Bolan v. Avalon Farms Property Owners Ass'n

Decision Date10 August 1999
Citation735 A.2d 798,250 Conn. 135
CourtConnecticut Supreme Court
Parties(Conn. 1999) MARIE G. BOLAN v. AVALON FARMS PROPERTY OWNERS ASSOCIATION, INC. (SC 16066)

John W. Pickard, for the appellant (plaintiff).

Zbigniew S. Rozbicki, for the appellee (defendant).

Callahan, C. J., and Borden, Berdon, Norcott, Katz, Palmer and McDonald, Js.

Callahan, C. J.

OPINION

The dispositive issue in this appeal is whether Connecticut should continue to adhere to the unity of title doctrine. See Curtin v. Franchetti, 156 Conn. 387, 389, 242 A.2d 725 (1968). We conclude that it should not. Accordingly, we reverse the judgment of the trial court, which was compelled by its justified reliance on the doctrine as stated in Curtin.

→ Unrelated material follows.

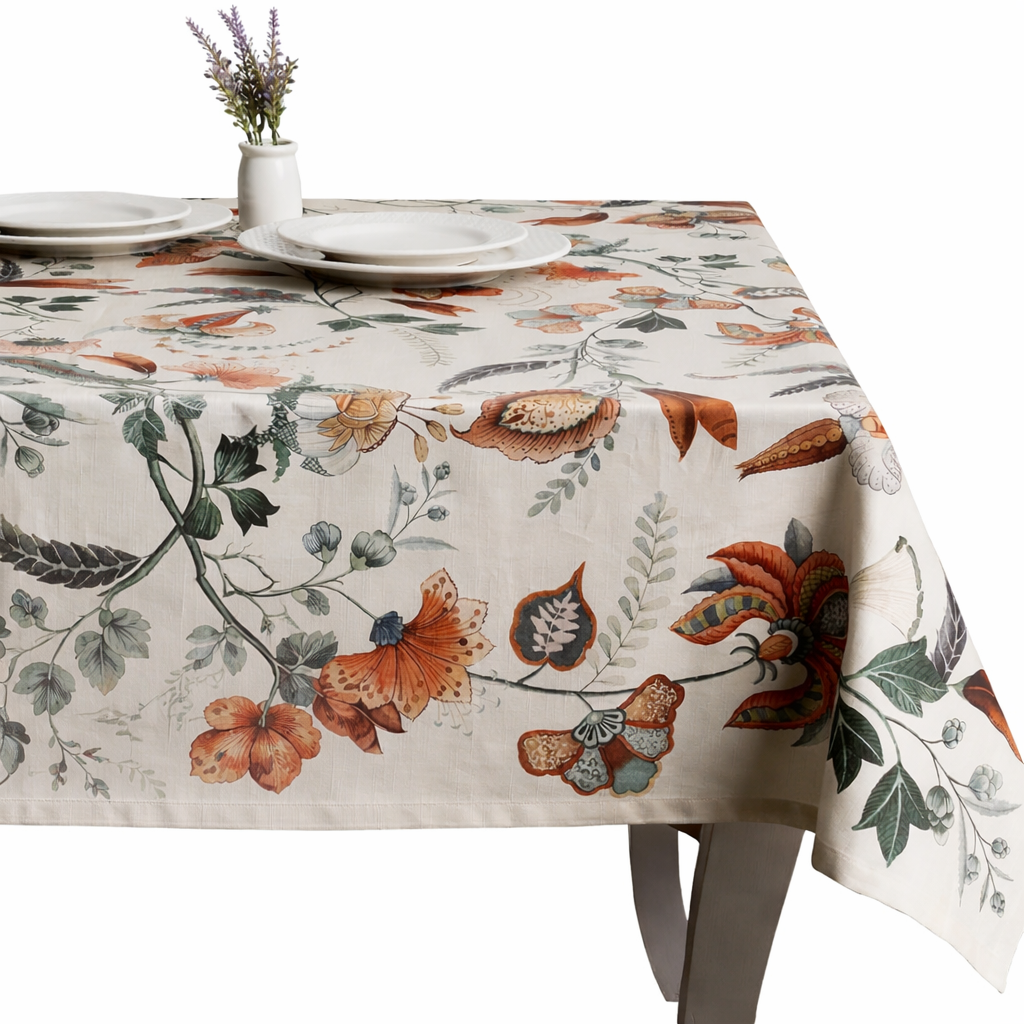 Autumn Garden Table Cover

The following facts and procedural history are undisputed. The plaintiff, Marie G. Bolan, is the owner of approximately 161 acres of undeveloped real estate located in Litchfield. The plaintiff's land does not abut any public highway and is completely landlocked. The defendant, Avalon Farms Property Owners Association, Inc., is the owner of land that is situated immediately south of, and adjacent to, the plaintiff's land.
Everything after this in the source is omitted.